Not really all that bad a deal either way.

From the banks side of things, what do they have to lose? They got a pile of junk they can't sell, maybe they get some payments from Bill, maybe they get the property back after he makes a few improvements, maybe they get it back as is with missed payments, but for a time it is off their books and makes the bank look better on the bottom line. Its a small amount, small deal to them.

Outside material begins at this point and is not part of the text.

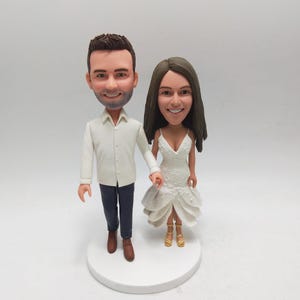Handmade Custom Bobblehead cake topper, bobblehead wedding, Custom bobble heads, Cake Toppers Wedding Figurine, wedding Gifts bride & grooms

The only issue is ironing out the money/ legal stuff. Banks have lots of rules they have to follow since the last housing crash; and banks and real estate agents have become masters of adding fees and extra amounts to everything they do. These hidden fees are a mystery to me, and more so to Bill. I hope they don't derail this whole thing. I hope Bills sister is watching those details enough so as to get through all that.

Bill isn't used to the ways of banks and REA, and maybe the bank isn't quite used to bill either......

Anyhow, I hope it all works out. However it is meant to be.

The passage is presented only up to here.